Image-caption web data:

★ ★ ★ ★ ★

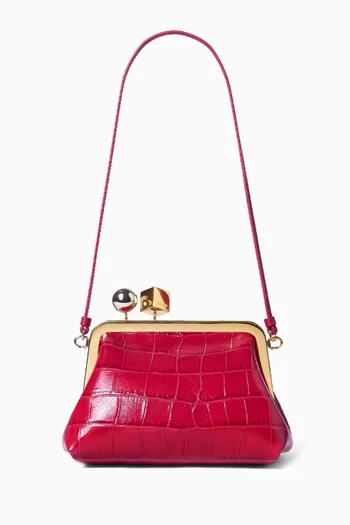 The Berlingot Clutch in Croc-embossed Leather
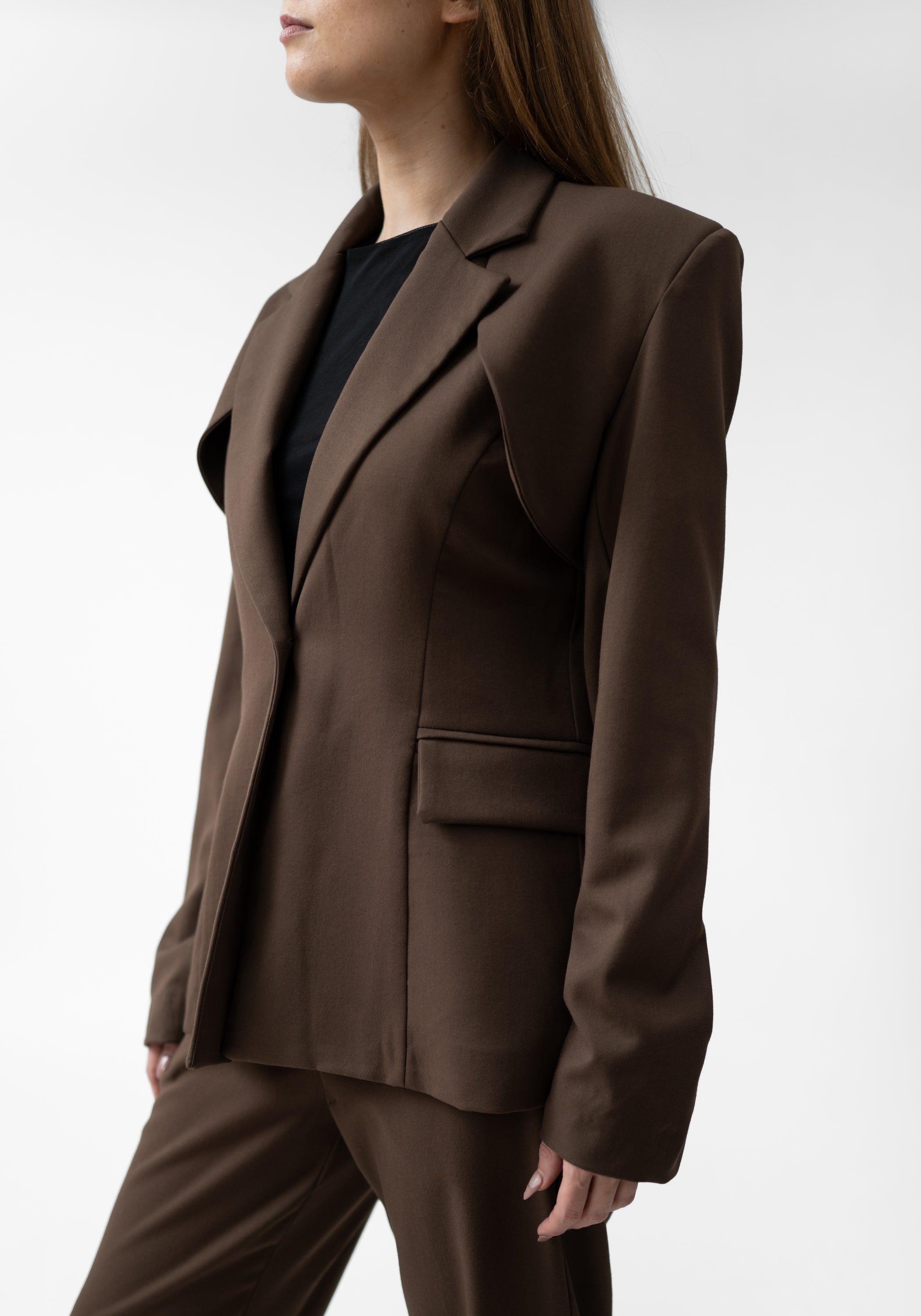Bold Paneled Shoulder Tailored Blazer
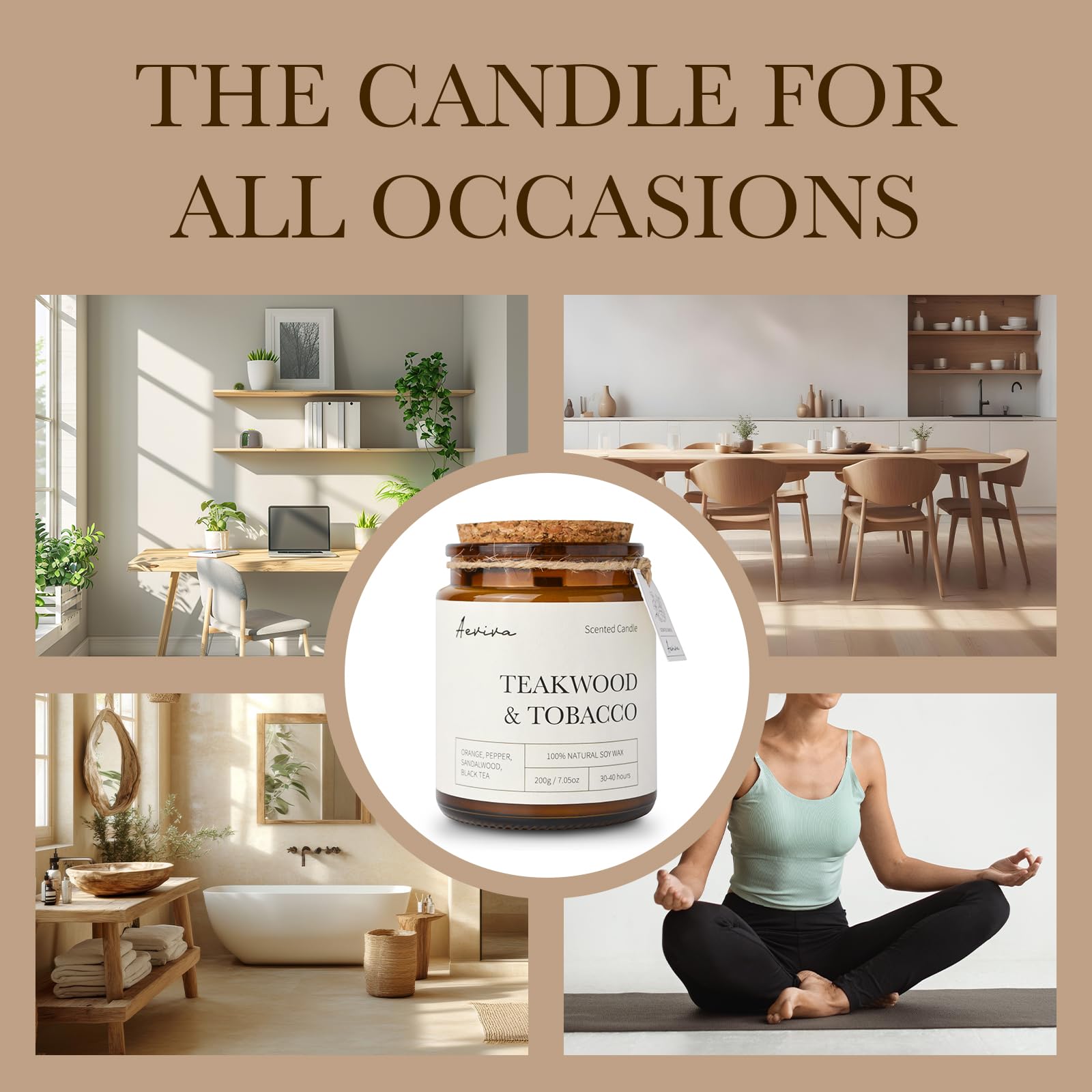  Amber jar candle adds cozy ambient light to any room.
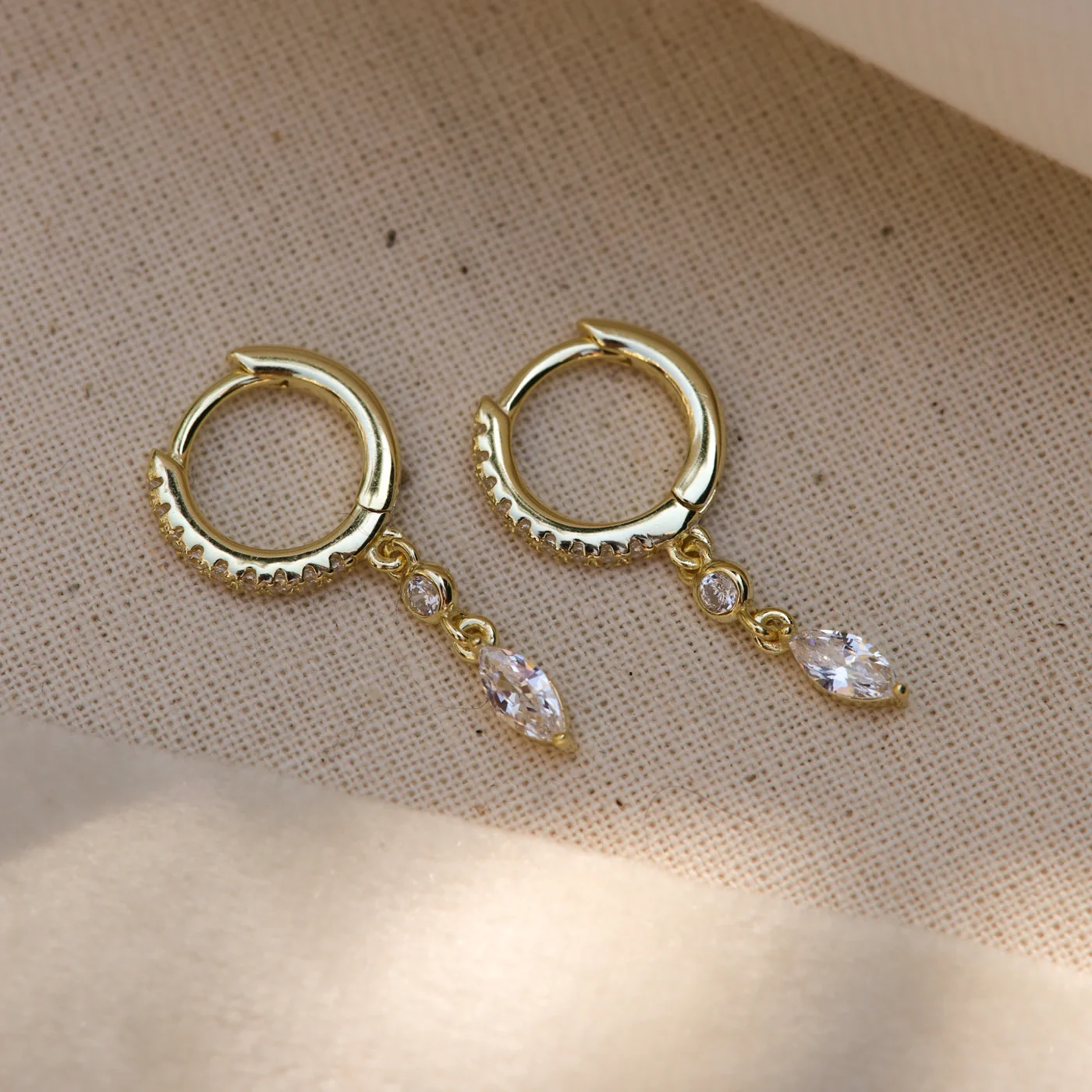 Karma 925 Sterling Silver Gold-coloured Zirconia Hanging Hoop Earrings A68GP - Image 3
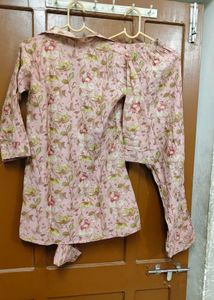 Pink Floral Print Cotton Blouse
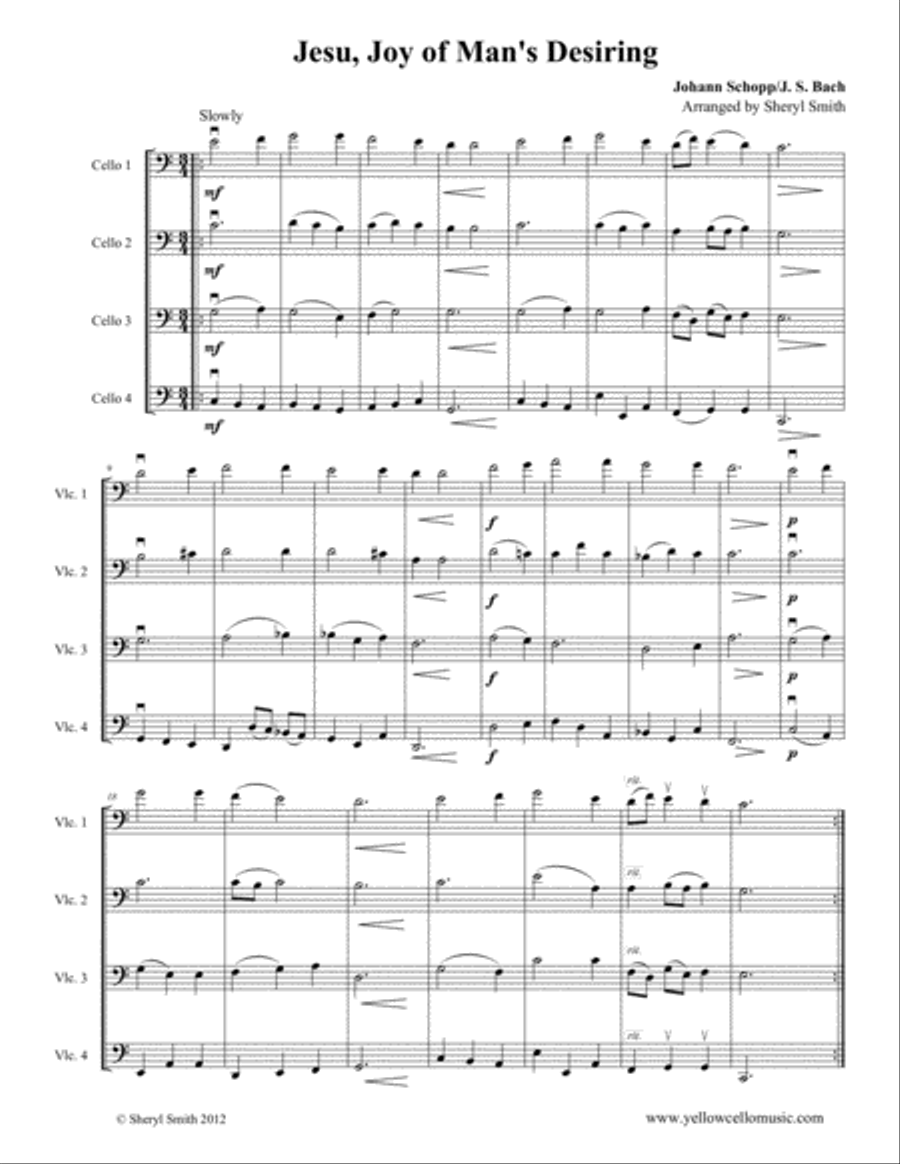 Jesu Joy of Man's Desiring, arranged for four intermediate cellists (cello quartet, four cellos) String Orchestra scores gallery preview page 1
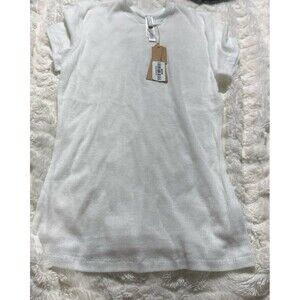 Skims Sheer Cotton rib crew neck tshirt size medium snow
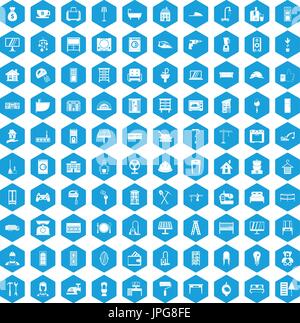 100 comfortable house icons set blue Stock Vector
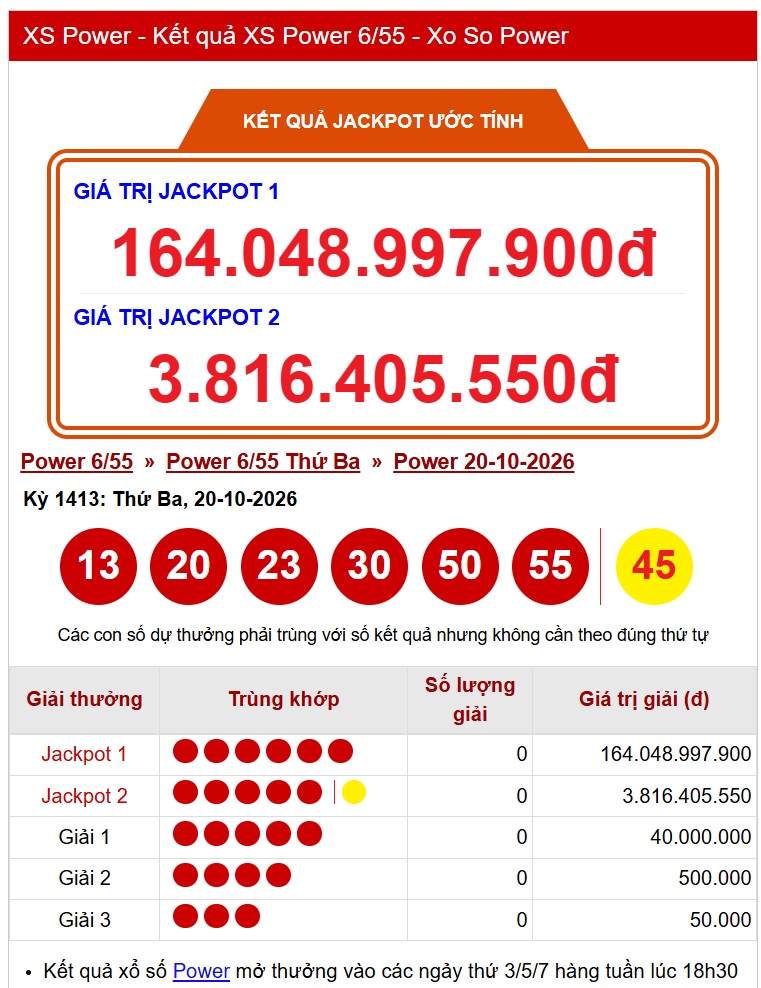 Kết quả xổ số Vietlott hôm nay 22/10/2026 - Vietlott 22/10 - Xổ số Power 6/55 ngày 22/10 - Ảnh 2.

★ ★ ★ ★ ★

# PROBLEM TO SOLVE:
Please copy the records above word for word, leaving out every picture.

# COMPLETED EXERCISE:
 The Berlingot Clutch in Croc-embossed Leather
Bold Paneled Shoulder Tailored Blazer
  Amber jar candle adds cozy ambient light to any room.
 Karma 925 Sterling Silver Gold-coloured Zirconia Hanging Hoop Earrings A68GP - Image 3
 Pink Floral Print Cotton Blouse
 Jesu Joy of Man's Desiring, arranged for four intermediate cellists (cello quartet, four cellos) String Orchestra scores gallery preview page 1
 Skims Sheer Cotton rib crew neck tshirt size medium snow
 100 comfortable house icons set blue Stock Vector
 Kết quả xổ số Vietlott hôm nay 22/10/2026 - Vietlott 22/10 - Xổ số Power 6/55 ngày 22/10 - Ảnh 2.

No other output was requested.